But the habits of mind engendered by this shut-in and shutting-out life lingered for quite a while. If it were not for the short stories my father wrote I would have known almost nothing about the general life of our Indian community. Those stories gave me more than knowledge. They gave me a kind of solidity. They gave me something to stand on in the world. I cannot imagine what my mental picture would have been without those stories.
The world outside existed in a kind of darkness; and we inquired about nothing. I was just old enough to have some idea of the Indian epics, the Ramayana in particular. The children who came five years or so after me in our extended family didn't have this luck.
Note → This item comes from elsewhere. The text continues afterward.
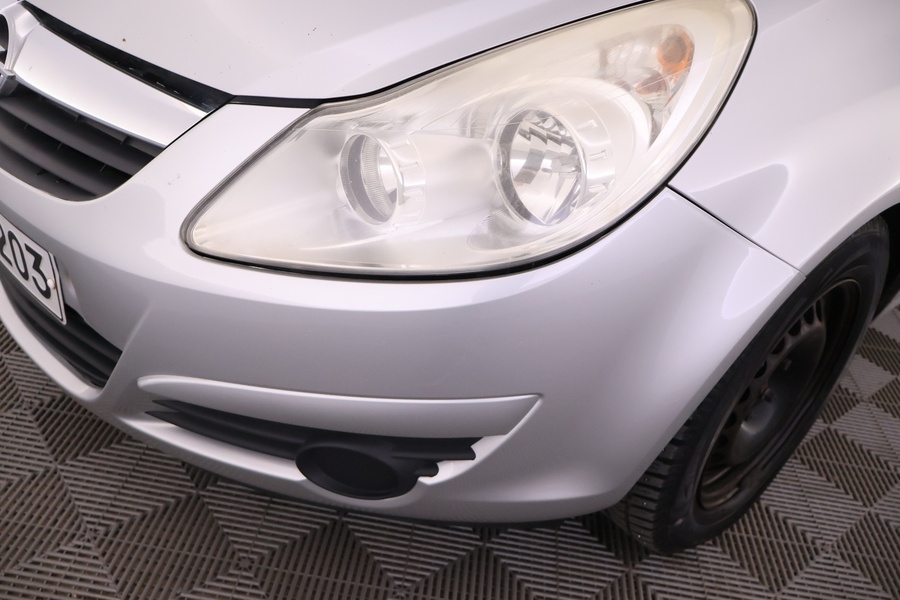 Opel Corsa vaihtoauto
No one taught us Hindi. Sometimes someone wrote out the alphabet for us to learn, and that was that; we were expected to do the rest ourselves. So, as English penetrated, we began to lose our language. My grandmother's house was full of religion; there were many ceremonies and readings, some of which went on for days. But no one explained or translated for us who could no longer follow the language. So our ancestral faith receded, became mysterious, not pertinent to our day-to-day life. We made no inquiries about India or about the families people had left behind. When our ways of thinking had changed, and we wished to know, it was too late. I know nothing of the people on my father's side; I know only that some of them came from Nepal.
Two years ago a kind Nepalese who liked my name sent me a copy of some pages from an1872 gazetteer-like British work about India, Hindu Castes and Tribes as Represented in Benares; the pages listed - among a multitude of names -those groups of Nepalese in the holy city of Banaras who carried the name Naipal. That is all that I have.